With the introduction of the first Unicode-based software in the Middle East, users now have some experience with conversion of existing data to Unicode. Although the transition has been smooth, there have been some difficulties with fractions.
This section shows the effect of the proposed changes on two important cases: fractions and dates. In each test case we follow the same conventions as the Unicode 2.0 book, that is, uppercase letters correspond to strong right-to-left characters whereas lowercase letters correspond to strong left-to-right characters. In addition, we have also included examples using Arabic and Hebrew text. In all the examples except as noted, the embedding level is right-to-left. Results that differ from the current values in Unicode 2.0 are shaded.
The proposed change effects only the resolution of weak neutrals in steps P0 through P5 of the Unicode Bidirectional Algorithm. This limits the changes of behavior to cases where SOLIDUS is adjacent to numbers.
Table 2 Fractions
Logical Order |
Current Visual Order |
Proposed Visual Order |
ADD 1/2 CUP (Arabic) |
PUC 2/1 DDA |
PUC 1/2 DDA |
ADD 1/2 CUP (Hebrew) |
PUC 1/2 DDA |
PUC 1/2 DDA |
There are many date formats but the proposed changes would affect one frequently used form.
Table 3 Dates
Logical Order |
Current Visual Order |
Proposed Visual Order |
MEET ON 01/23/45 (Hebrew) |
01/23/45 NO TEEM |
01/23/45 NO TEEM |
MEET ON 01/23/96 (Arabic) |
96/23/01 NO TEEM |
01/23/96 NO TEEM |
Without explicit formatting, it is impossible for both dates and fractions to display properly. Although the date change is undesirable, our users would prefer to have fractions correct rather than dates. There seem to be several reasons for this preference:
Although there are some tradeoffs, the authors believe that this proposal would more closely match user expectations for visual order of right-to-left text and expedite the development of software for regions that use such text. This improvement would promote the acceptance of Unicode for an important emerging software market.
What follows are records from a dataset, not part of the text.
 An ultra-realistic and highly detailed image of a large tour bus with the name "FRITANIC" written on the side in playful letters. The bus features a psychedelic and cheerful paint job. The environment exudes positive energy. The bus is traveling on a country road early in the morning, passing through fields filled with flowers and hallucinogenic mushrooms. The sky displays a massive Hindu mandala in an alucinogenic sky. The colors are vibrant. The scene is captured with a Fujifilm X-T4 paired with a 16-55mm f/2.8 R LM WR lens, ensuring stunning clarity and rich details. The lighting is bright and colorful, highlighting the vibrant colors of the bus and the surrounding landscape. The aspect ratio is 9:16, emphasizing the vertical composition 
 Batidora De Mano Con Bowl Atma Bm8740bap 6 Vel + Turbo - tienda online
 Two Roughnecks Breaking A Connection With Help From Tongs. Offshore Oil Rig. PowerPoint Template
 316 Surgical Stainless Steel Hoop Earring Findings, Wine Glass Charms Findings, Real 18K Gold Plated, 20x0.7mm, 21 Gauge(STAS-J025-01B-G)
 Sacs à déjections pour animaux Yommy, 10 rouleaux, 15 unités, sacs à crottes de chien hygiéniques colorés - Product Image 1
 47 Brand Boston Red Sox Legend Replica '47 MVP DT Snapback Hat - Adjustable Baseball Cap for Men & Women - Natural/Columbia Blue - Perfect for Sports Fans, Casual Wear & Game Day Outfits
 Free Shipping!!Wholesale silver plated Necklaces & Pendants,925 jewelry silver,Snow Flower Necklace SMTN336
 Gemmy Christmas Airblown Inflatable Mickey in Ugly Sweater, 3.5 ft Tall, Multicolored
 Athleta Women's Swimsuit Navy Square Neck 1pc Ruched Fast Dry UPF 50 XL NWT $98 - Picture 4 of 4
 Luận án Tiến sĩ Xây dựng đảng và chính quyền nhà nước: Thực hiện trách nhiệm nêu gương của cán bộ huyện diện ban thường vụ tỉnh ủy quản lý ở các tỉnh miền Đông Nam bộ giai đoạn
Proposed Correction to Mirroring List
Both Unicode 2.0 and ISO 10646 define a normative list of mirrored characters. We believe that four characters have been omitted from these lists. Specifically, the four characters in Table 1 should be added to the lists of characters with the mirroring property.
Code Point |
Glyph |
Unicode 2.0 Name |
0x00AB |
« |
LEFT-POINTING DOUBLE ANGLE QUOTATION MARK |
0x00BB |
» |
RIGHT-POINTING DOUBLE ANGLE QUOTATION MARK |
0x2039 |
‹ |
SINGLE LEFT-POINTING ANGLE QUOTATION MARK |
0x203A |
› |
SINGLE RIGHT-POINTING ANGLE QUOTATION MARK |
Although the use of these characters varies, the mirroring behavior is unambiguous. For example, those printing traditions that use the left-pointing quotation mark to begin a left-to-right quotation use the right-pointing quotation mark to begin a right-to-left quotation and vice versa.
This correction would also reconcile the mirroring behavior of these characters with their cross-referenced characters such as 0x226A MUCH LESS THAN and 0x300A LEFT DOUBLE ANGLE-BRACKET. All of these related characters are listed as mirroring.
The effect of the correction would be to add these four characters to table 4-7 in the Unicode 2.0 book.